*** Opening of The input ***

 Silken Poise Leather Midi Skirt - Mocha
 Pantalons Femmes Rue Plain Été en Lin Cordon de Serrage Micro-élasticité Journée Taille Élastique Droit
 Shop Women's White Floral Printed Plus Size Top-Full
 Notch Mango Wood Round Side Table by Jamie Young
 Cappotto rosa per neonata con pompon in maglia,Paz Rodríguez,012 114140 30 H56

*** Close of The input ***
*** Opening of The input ***

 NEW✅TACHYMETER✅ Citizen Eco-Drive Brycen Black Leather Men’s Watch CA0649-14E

*** Close of The input ***
*** Opening of The input ***

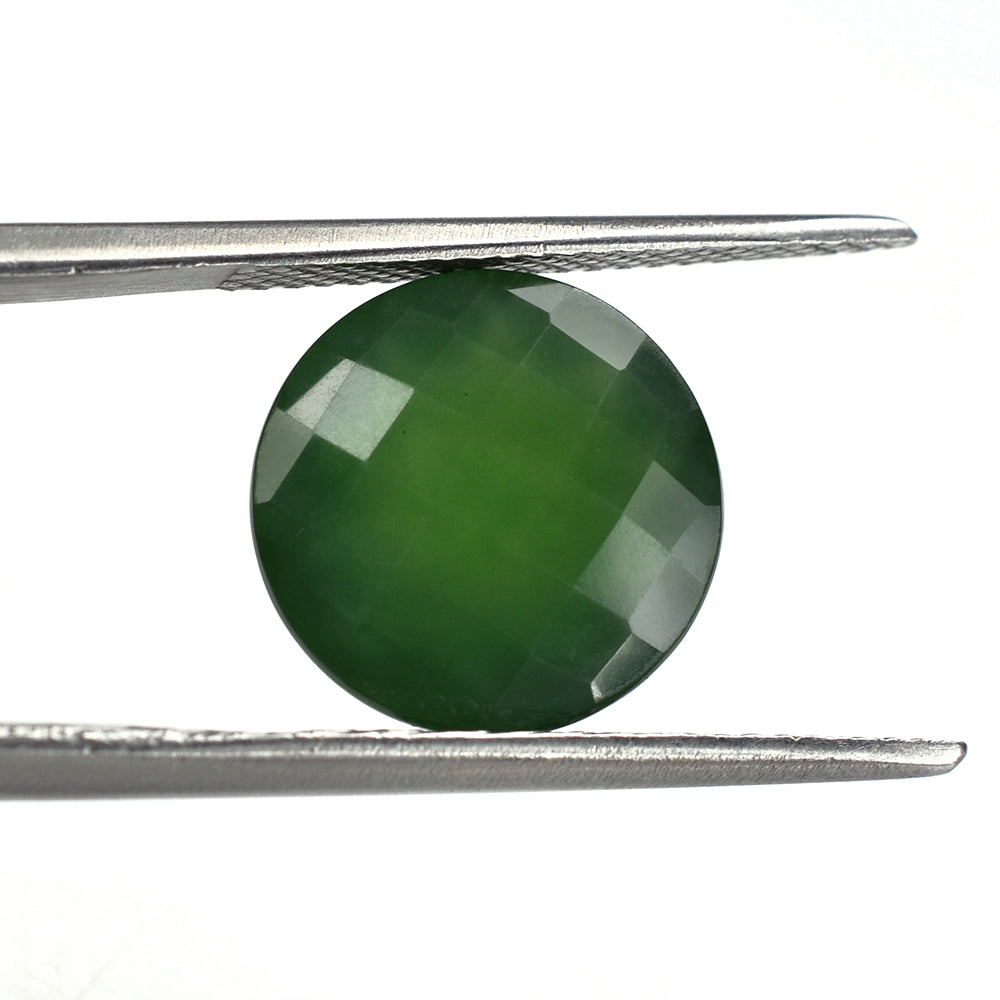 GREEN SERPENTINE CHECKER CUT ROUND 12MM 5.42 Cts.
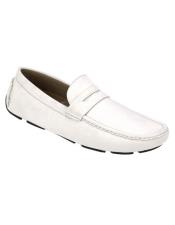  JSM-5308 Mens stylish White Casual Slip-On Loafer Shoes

*** Close of The input ***

The lines above from the one containing "Shop Women's White" through the one containing "Cappotto rosa per" are to be set down exactly, and no others.

## Solution to this exercise
 Shop Women's White Floral Printed Plus Size Top-Full
 Notch Mango Wood Round Side Table by Jamie Young
 Cappotto rosa per neonata con pompon in maglia,Paz Rodríguez,012 114140 30 H56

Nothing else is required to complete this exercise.